That's because what seemed like the best way to do hidpi when macOS added it (fixed scale factors and assets) ended up being a problem. It's better to not abstract away the DPI differences. It makes for worse compatibility in the short term, but much better long-term.

The behavior with high refresh rates is pretty bad, too. A lot of stuff is hardcoded to 60hz, and programs have to opt in. They haven't even fixed Safari properly yet.


Strongly disagree.

Every time I read about the benefits of Wayland, I read shopping list of stuff I don't care about and don't want. I don't give a stuff about techie nerdwank like refresh rates, tearing, video smoothness, triple buffering and other pointless implementation details that it is the entire job of a GUI to make go away.

What I care about is that I plug in a screen, I drag a window onto it, and it stays the same size. That my window can straddle two screens and still work.
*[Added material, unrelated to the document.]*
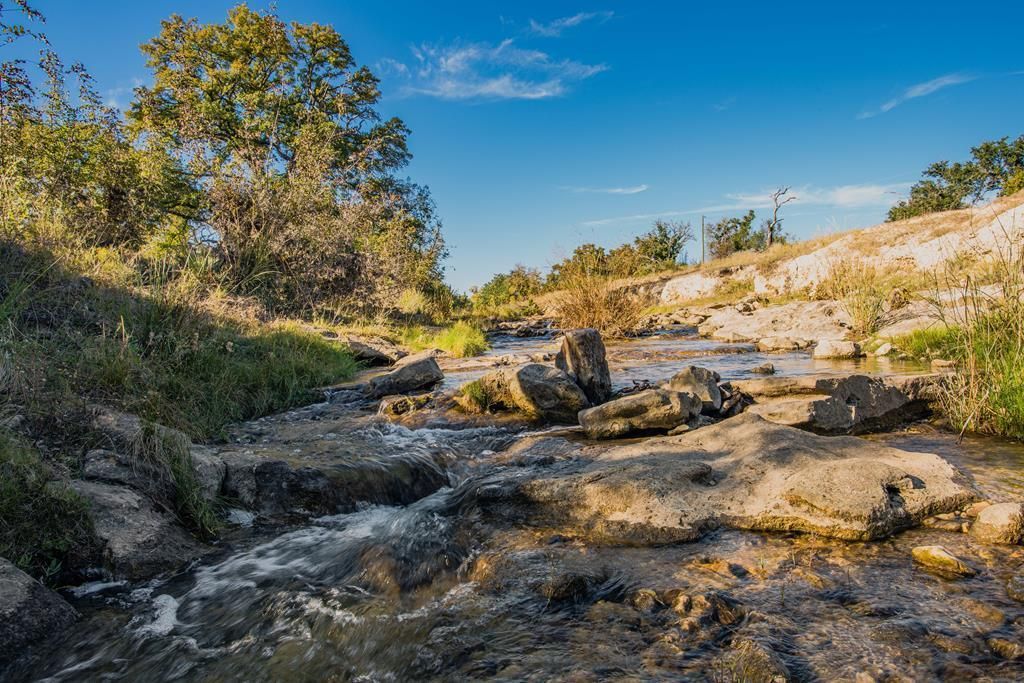 27.5 acres in Gillespie County, Texas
That I can resize it across as many screens as I want.

I want it to work and I want how that happens to be invisible.

Wayland, as far as I can tell, is about xNix graphics programmers complaining about how hard the job is, I'm afraid.


From what you describe we actually strongly agree. This stuff should work and be invisible to the user. I just meant that the environment should expose the DPI details to the programmer and not pretend everything is low dpi like it's always been.

Wayland is about a bunch of amateur programmers learning for the first time how graphics work, individually and separately all in parallel. Wayland needed to have a bigger, definitive core library designed by experienced developers. What we've got now instead is a myriad of low-level graphics implementations, none of which handle edge cases very well.